■ **Extracted material**
===
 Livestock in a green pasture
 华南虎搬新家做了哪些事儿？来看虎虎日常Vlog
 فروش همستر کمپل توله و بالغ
===
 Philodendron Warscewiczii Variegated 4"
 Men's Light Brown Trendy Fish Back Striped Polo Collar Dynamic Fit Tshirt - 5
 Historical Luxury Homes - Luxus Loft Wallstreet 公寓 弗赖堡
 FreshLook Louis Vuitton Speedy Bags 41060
===
■ **Exercise requirements**
Above are the entries. Quote exactly the lines from the one bearing "Historical Luxury Homes" through the one bearing "FreshLook Louis Vuitton Speedy Bags 41060".

■ **Answer below**
 Historical Luxury Homes - Luxus Loft Wallstreet 公寓 弗赖堡
 FreshLook Louis Vuitton Speedy Bags 41060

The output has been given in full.